6.3 quake rocks Chilean coast, tremors felt in western Argentina

© earthquake.usgs.gov
A 6.3-magnitude earthquake hit the Chilean coast, the US Geological Survey has reported. Powerful tremors were felt as far as Mendoza, located in Argentina’s Cuyo region.

The quake struck at a depth of 31 kilometers (19.6 miles), with an epicenter about 79 kilometers (49 miles) southwest of the port city of Coquimbo, Chile, which has a population of more than 106,000. The nearest Chilean city of Ovalle (population about 104,000) is 40 kilometers (25 miles) from the epicenter, according to the USGS.

The quake hit on Tuesday at 9:33 pm local time (00:33 Wednesday GMT). 
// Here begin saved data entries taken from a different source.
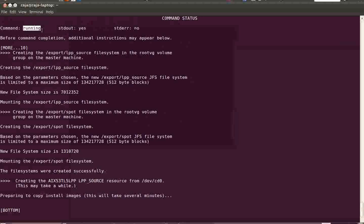By this we have completed NIM master server configuration.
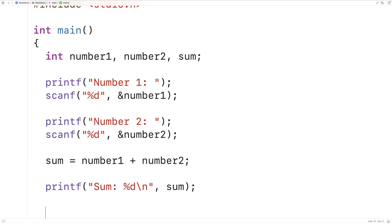Now one thing we could do is change the type. Right now we're using int for the variable type and int will allow us to store numbers with no decimal place, whole numbers like negative five or ten, but we can't store numbers like 5.25, real numbers we call them.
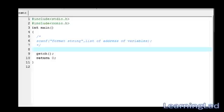This is Anil with the video tutorial for the Learning Lad on C programming. In this video tutorial, we're gonna see the scanf function in C.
Previously, the USGS placed the epicenter about 196 kilometers (122 miles) northwest of the Argentinian city of San Salvador de Jujuy (population over 178,000).

There were no immediate reports of casualties or significant damage. Chile’s capital of Santiago, which has a population numbering in the millions, is some 326 kilometers (203 miles) away from where the quake hit.

Multiple homes were left without power following the tremors, Chile’s emergency office said. There were also reports of rocks falling on the highway.

Meanwhile, the navy has confirmed that the quake was not powerful enough to trigger a tsunami.

Chile stretches along the so-called Ring of Fire, where the vast majority of the Earth’s quakes occur. Also known as the circum-Pacific belt of seismic activity, the Ring marks regions where neighboring tectonic plates violently clash. Most recently, a massive 8.3 earthquake in September of 2015 triggered tsunami waves that inundated the Chilean coast, flooding the streets and forcing people to seek shelter on higher ground. The incident left at least 13 dead.